Cada mañana cuando voy al trabajo, cruzo dos pequeños terrenos cubiertos de un espeso manto de amapolas e, inevitablemente, recuerdo el viaje a Nerja que hice con Ingrid y Eva, dos amigas. Me veo entonces dentro del coche blanco de Ingrid, cruzando un viaducto que se encuentra a la altura de Dúrcal (Granada) y aprendiendo que las amapolas en Francia se llaman coquelicot. Junto al arcén acabábamos de ver una de estas flores, que destacaba por su rojo intenso en contraste la aridez marrón de la tierra, casi inerte, yerma. No sé si aquel viaje lo hicimos por estas fechas, porque no soy bueno con las fechas; lo que sí sé es que hacía tanto viento como hace hoy y que ese año fue seco, que durante el viaje solo nos cayeron unas gotas escasas breves minutos y que la carretera estaba vacía, sin coches, como en un desierto o en una carretera de California, donde desaparece la vida humana y restalla el sol perenne contra la calzada abrasada. 

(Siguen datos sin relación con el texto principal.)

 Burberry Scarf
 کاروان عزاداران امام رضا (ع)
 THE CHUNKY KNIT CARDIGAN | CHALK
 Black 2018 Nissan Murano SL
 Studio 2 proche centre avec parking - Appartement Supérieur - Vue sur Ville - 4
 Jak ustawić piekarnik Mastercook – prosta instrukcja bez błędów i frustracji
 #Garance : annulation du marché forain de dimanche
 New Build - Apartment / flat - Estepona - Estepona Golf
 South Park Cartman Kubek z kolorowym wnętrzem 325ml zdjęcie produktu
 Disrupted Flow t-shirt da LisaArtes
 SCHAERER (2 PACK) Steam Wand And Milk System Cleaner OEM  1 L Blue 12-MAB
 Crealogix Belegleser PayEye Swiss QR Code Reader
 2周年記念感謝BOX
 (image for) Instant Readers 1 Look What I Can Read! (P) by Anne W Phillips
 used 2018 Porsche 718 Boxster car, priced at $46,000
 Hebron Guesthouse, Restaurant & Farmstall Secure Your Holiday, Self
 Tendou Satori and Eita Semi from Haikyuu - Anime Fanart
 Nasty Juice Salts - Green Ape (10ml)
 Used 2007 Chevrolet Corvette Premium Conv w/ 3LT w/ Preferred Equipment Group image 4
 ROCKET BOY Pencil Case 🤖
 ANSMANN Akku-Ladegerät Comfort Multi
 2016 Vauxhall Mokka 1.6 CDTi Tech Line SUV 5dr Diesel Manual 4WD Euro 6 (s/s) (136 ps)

De este viaje mental la amapola me lleva a la infancia. Estoy en el cortijo de mis abuelos y voy a coger una de estas flores de fuego delicado, pero mi abuela me dice que no, que es mejor no tocarlas, que no son buenas. Días posteriores, mi madre me aclara que de ahí sacan droga. ¿Droga? En mi mente infantil se dibujaron señales de peligro y, yo que soy muy miedica desde siempre, jamás de los jamases he rozado una de esas flores que tan bellas me parecen. Las veo tan frágiles, como bailarinas de falda roja haciendo el pino y tambaleándose con la sutileza del aire de marzo o como paraguas de seda volteados por la voracidad del viento desgarrado de la época. 


Cada mañana las observo en la fugacidad del trayecto y me pregunto si mañana seguirán allí o habrán desaparecido. Por alguna razón siempre he tenido la sensación de que las flores son efímeras y sorprendentes: lo mismo que salen de repente, también se evaporan de un día para otro. Así mismo, todas las mañanas, transportado por los recuerdos, me embriaga el efecto mental que me producen, como si esa droga que nunca que he tocado ni tomado actuara en mí por telepatía. Es la magia de los objetos, de la realidad, de la vida. Es la red ilusoria que la propia existencia va tejiendo conforme transcurren los años, de una cosa a otra, otorgándole el poder de enlace de recuerdos, de almacén de vida, de misterio; ese misterio que toda entidad animada o inanimada posee. Al igual que lo que se nombra adquiere consistencia, lo que la mente asimila como parte de su vida pasa a ser un asidero memorial, algo tan vivo como uno mismo en el momento que escribe este texto. Es misteriosa la vida. Aunque no hay mayor misterio que la página en blanco que acaba siendo rellenada con tinta como por arte de magia, como materialización de la memoria, de la mente, de uno mismo y de todo lo demás.